I'm working with an organization that is using JMP in their analysis, and I can't tell from the description in JMP's help files if the test for goodness of fit in their logistic regression is the Hosmer-Lemeshow test. If it makes a difference, my data set has only one predictor variable, so we aren't considering complex models.

The next questions that JMP addresses are whether there is enough

information using the variables in the current model or whether more

complex terms need to be added. The Lack of Fit test, sometimes called

a Goodness of Fit test, provides this information. It calculates a

pure-error negative log-likelihood by constructing categories for

every combination of the regressor values in the data (Saturated line

in the Lack Of Fit table), and it tests whether this log-likelihood is

significantly better than the Fitted model.The Saturated degrees of freedom is m–1, where m is the number of

unique populations. The Fitted degrees of freedom is the number of

parameters not including the intercept. For the Ingots example, these

are 18 and 2 DF, respectively. The Lack of Fit DF is the difference

between the Saturated and Fitted models, in this case 18–2=16.The Lack of Fit table lists the negative log-likelihood for error due

to Lack of Fit, error in a Saturated model (pure error), and the total

error in the Fitted model. Chi-square statistics test for lack of fit.
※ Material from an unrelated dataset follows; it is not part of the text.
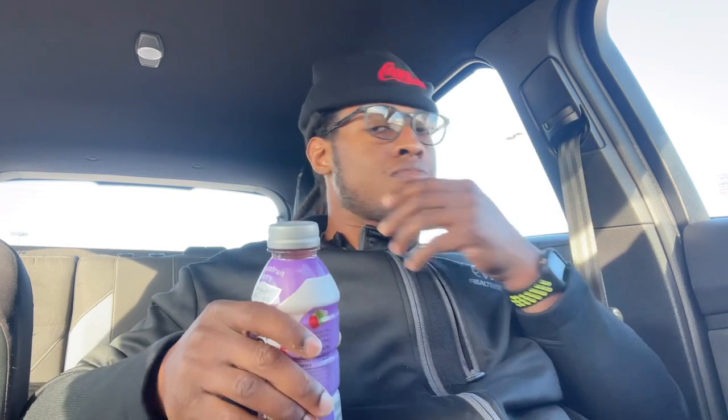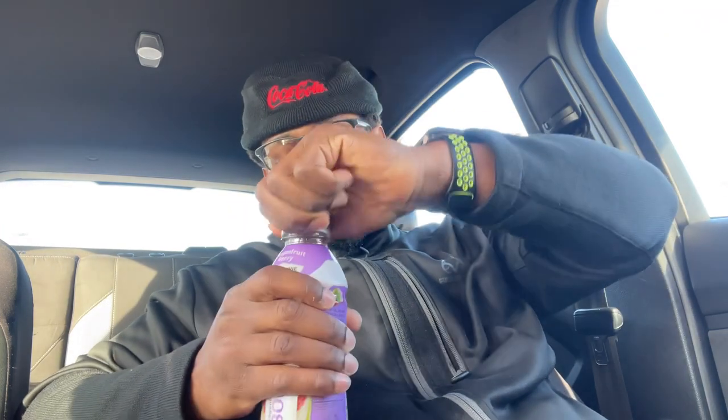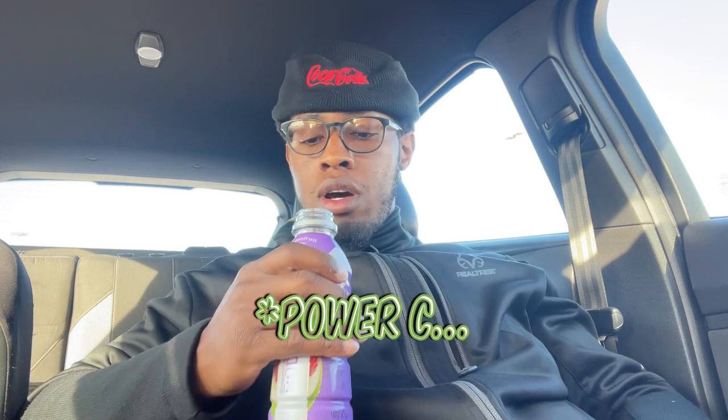Let's crack it open and see what it smells like. Dragon fruit — I'm not a big fan of dragon fruit. Let's see what we got here y'all. Oh, that smells good! This smells like a vitamin water to me — it smells like the Focus vitamin water.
(I'm an engineer, not a statistician, the saturated line parts are confusing me).

**Contents**hide

#### Best Answer

That's the likelihood ratio goodness-of-fit test for contingency tables. The saturated model has a parameter for every cell ("combination of regressor values") so it fits the data as well as possible, & you're testing to see if that's significantly better than your model. But you need a few counts in each cell for the test statistic (the deviance) to have roughly a chi-square distribution, so that ought to be mentioned somewhere—the approximation's not going to be much use when you have a continuous regressor.

If the point is to assess "whether there is enough information using the variables in the current model or whether more complex terms need to be added", a likelihood-ratio test between the current model & one with those more complex terms included will be more relevant anyway.